Action item: Below are entries to be transcribed exactly; exclude the pictures from the copy.

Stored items
================================
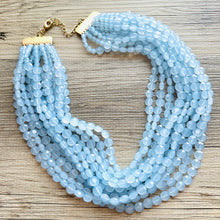 Load image into Gallery viewer, Vintage 11 Strand Light Blue Breeze Beaded Necklace jewelry, beaded chunky statement necklace, aqua bridesmaid necklace, bridal jewelry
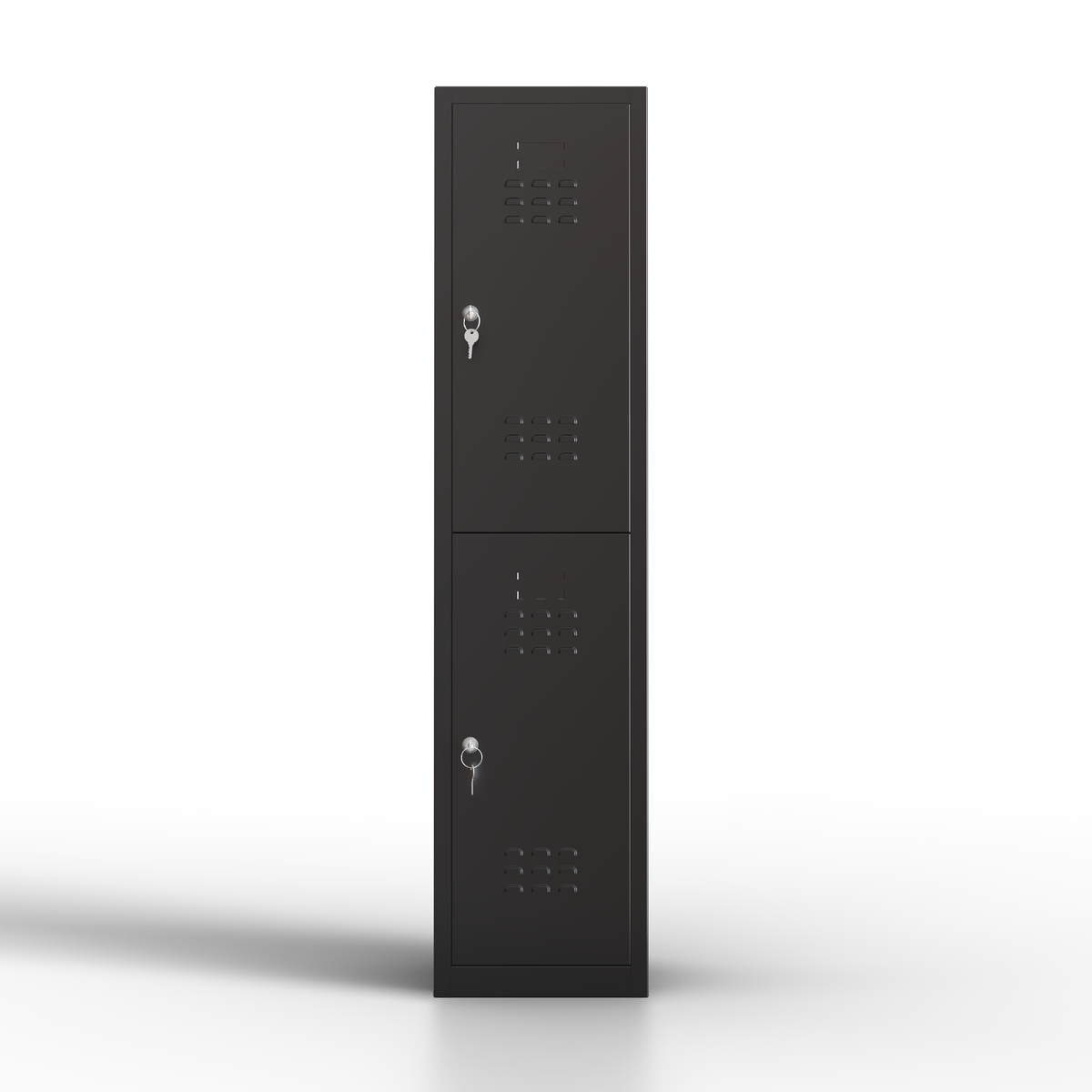 Vista frontal de taquilla metálica negra de 2 puertas TwinThink con cerradura y ventilación.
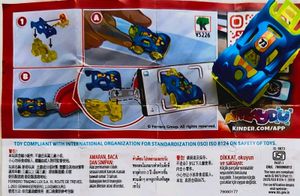 Set of 3 Mini Race edition kinderjoy Toys
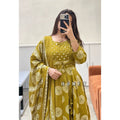 Yellow Cotton Printed Anarkali Kurta with Attached Jacket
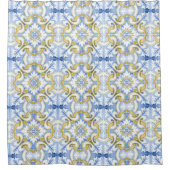 タイル、地中海のマジョリカ、シチリアスタイル     シャワーカーテン (正面)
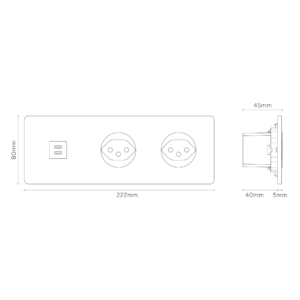 Grove Gniazdo USB-C 30W i szwajcarskie typu J x 2 w potrójnej ramce – Brąz, Czarny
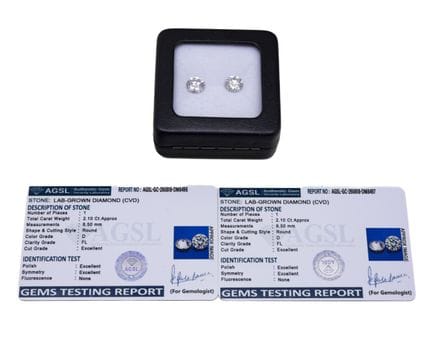 Lot de 2 diamants de laboratoire de synthèse sur p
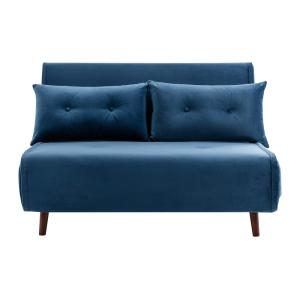 Sofá cama terciopelo 2 plazas azul oscuro 121x91cm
================================
Task answer:
 Load image into Gallery viewer, Vintage 11 Strand Light Blue Breeze Beaded Necklace jewelry, beaded chunky statement necklace, aqua bridesmaid necklace, bridal jewelry
 Vista frontal de taquilla metálica negra de 2 puertas TwinThink con cerradura y ventilación.
 Set of 3 Mini Race edition kinderjoy Toys
 Yellow Cotton Printed Anarkali Kurta with Attached Jacket
 タイル、地中海のマジョリカ、シチリアスタイル     シャワーカーテン (正面)
 Grove Gniazdo USB-C 30W i szwajcarskie typu J x 2 w potrójnej ramce – Brąz, Czarny
 Lot de 2 diamants de laboratoire de synthèse sur p
 Sofá cama terciopelo 2 plazas azul oscuro 121x91cm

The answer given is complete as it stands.